_WHAT THE TASK REQUIRES_:
Beginning with the line that holds "Hartz Dura Play" and ending with the last line below, repeat each line exactly, leaving any pictures out.

_GIVEN INFORMATION_:

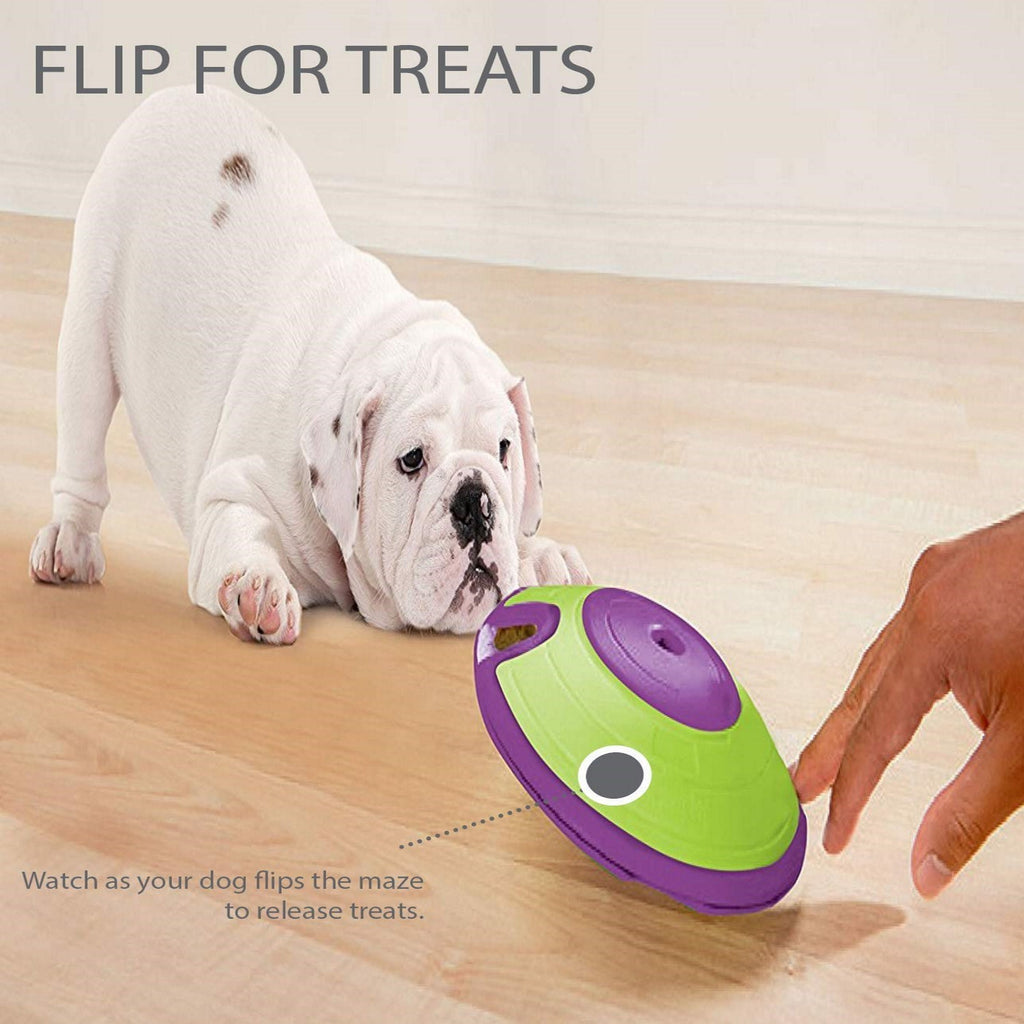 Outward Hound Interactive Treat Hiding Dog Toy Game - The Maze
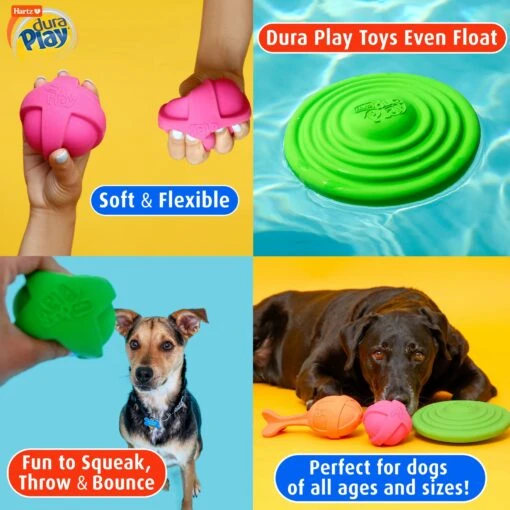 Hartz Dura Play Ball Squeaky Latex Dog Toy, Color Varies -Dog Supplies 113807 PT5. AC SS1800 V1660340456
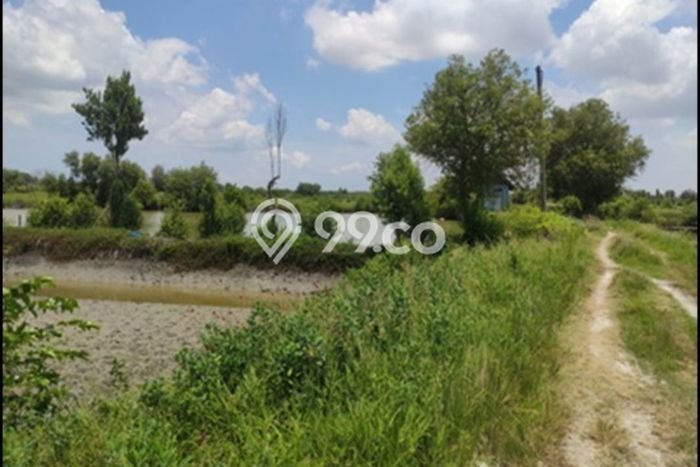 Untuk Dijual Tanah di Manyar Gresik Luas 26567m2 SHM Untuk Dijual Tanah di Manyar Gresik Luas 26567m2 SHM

_PROBLEM SOLUTION_:
 Hartz Dura Play Ball Squeaky Latex Dog Toy, Color Varies -Dog Supplies 113807 PT5. AC SS1800 V1660340456
 Untuk Dijual Tanah di Manyar Gresik Luas 26567m2 SHM Untuk Dijual Tanah di Manyar Gresik Luas 26567m2 SHM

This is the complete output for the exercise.